ISLAMABAD - Pakistan will not allow anyone to interfere in its internal affairs, Prime Minister Yousuf Raza Gilani said Sunday after Afghanistan's leader said cross-border attacks on militants were justified.
Gilani was reacting to comments made earlier in the day by Afghan President Hamid Karzai, who threatened to attack Taleban insurgents on Pakistani soil, saying his war-torn country had a right to do so out of ‘self-defence.’
‘We will neither interfere in the internal affairs of any country, nor will we allow anyone to interfere in our affairs,’ Gilani told private ARY-OneWorld television.
‘Such statements will not help in the normalisation of friendly relations between the two countries and will hurt the sentiments of people on both sides of the border,’ he said, however adding he wanted ‘friendly’ ties with Kabul.
Earlier, Karzai -- in his toughest comments yet on stamping out militancy along the border -- said Afghanistan had ‘the right to destroy terrorist nests on the other side of the border in self-defence.’
‘When they cross the border from Pakistan to come and kill Afghans and coalition troops, it gives us exactly the right to go back and do the same,’ Karzai told a news conference in Kabul.
Afghanistan and Pakistan, both key US allies in the ‘war on terror’, have bickered for years about the extremist violence growing in both countries, with each accusing the other of not doing enough to fight it.

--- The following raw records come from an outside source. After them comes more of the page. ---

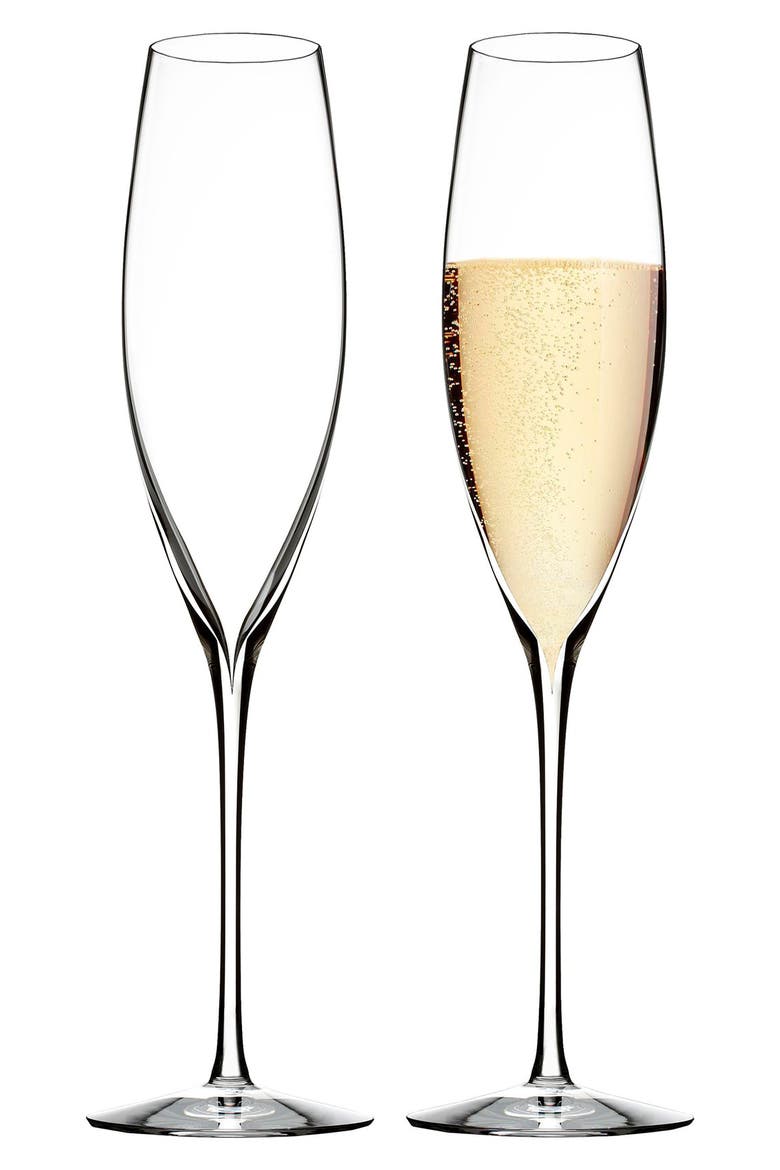 Elegance Set of 2 Fine Crystal Champagne Flutes, Alternate, color, CLEAR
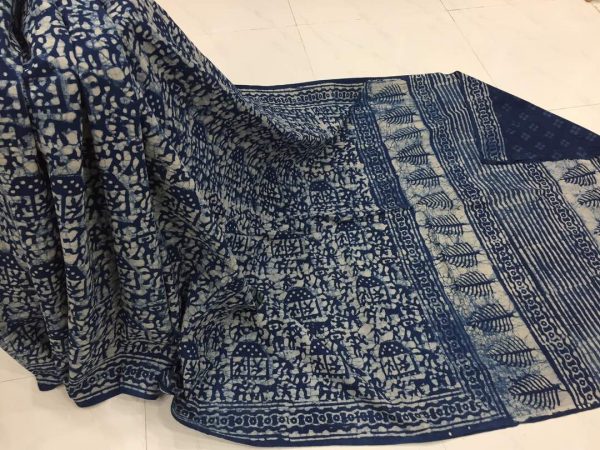 Traditional indigo dabu print daily wear cotton mulmul saree with blouse piece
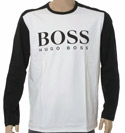 White Long Sleeve T-Shirt With Large Black Logo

Karzai has repeatedly accused the Pakistani government of failing to prevent insurgents active in the tribal zone from slipping into Afghanistan.
Gilani countered that Pakistan was taking all possible measure to stop militant activity across the long, rugged frontier.

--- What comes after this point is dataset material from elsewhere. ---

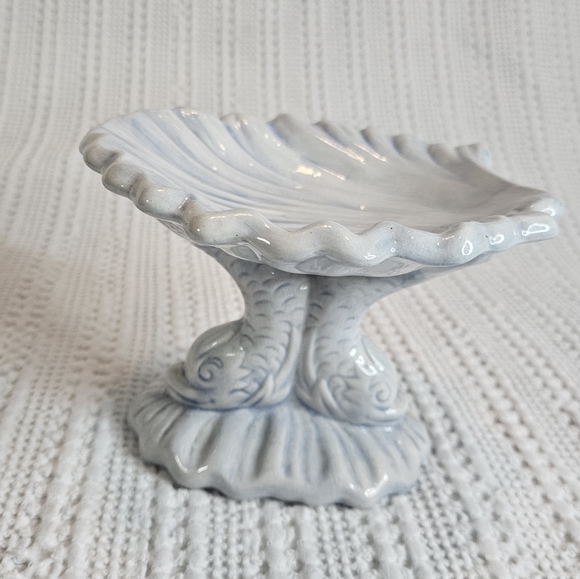 Soap Dish Koi Fish Blue White Vintage 1980's Signed - Picture 9 of 14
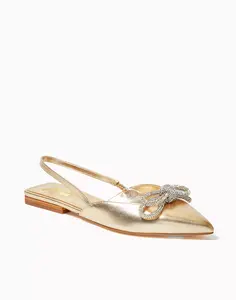NWT Lilly Pulitzer Brit Leather Slingback Shoe Color: Gold Metallic Size 6.5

‘We are not fighting this war for America but it is our own war and we want to eliminate extremism and terrorism which is the root cause of all evils,’ he said.
Pakistan has strongly opposed any foreign military action on its soil, saying it would amount to a violation of its sovereignty.

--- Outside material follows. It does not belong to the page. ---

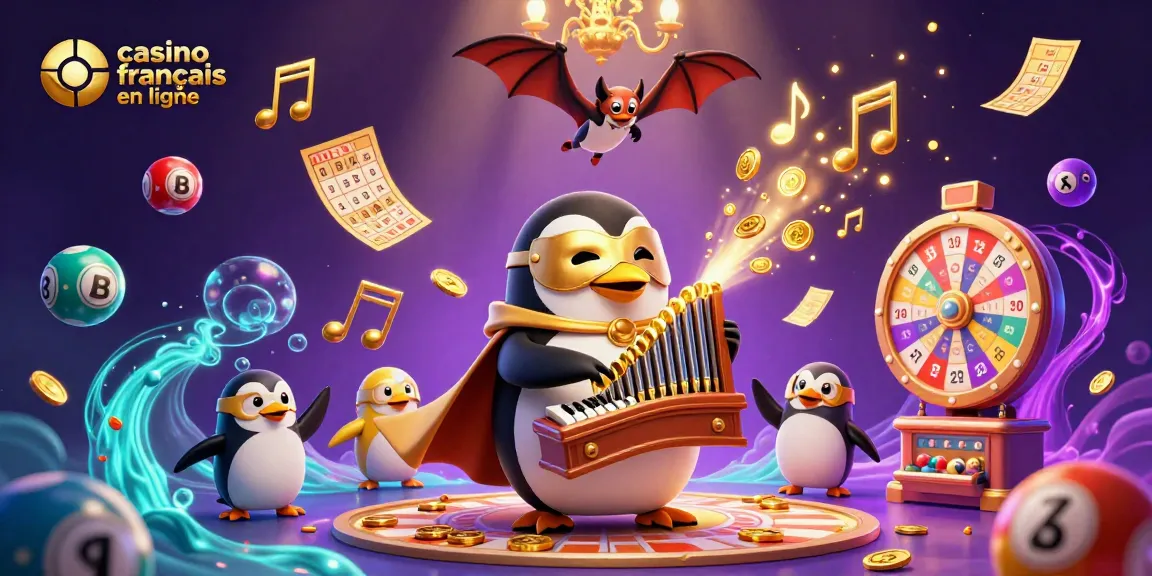 Profitez de l'univers captivant du casino français en ligne avec un pingouin opéra jouant de l'orgue.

Last week, Islamabad protested a US-led coalition air strike which killed 11 Pakistani soldiers in the Mohmand tribal region, on the border with Afghanistan.
US officials have said the coalition was legitimately targeting militants but has offered to conduct a joint investigation with Pakistan.
Pakistan has been combating hundreds of Taleban and Al Qaeda militants who fled over the border from Afghanistan after the US-led invasion that ousted the Taleban from government in late 2001.
Insurgents fighting the Afghan government and the NATO- and US-led forces shoring it up regularly cross into the tribal zones, where they find refuge as well as a steady supply of weapons, ammunition and new recruits, experts say.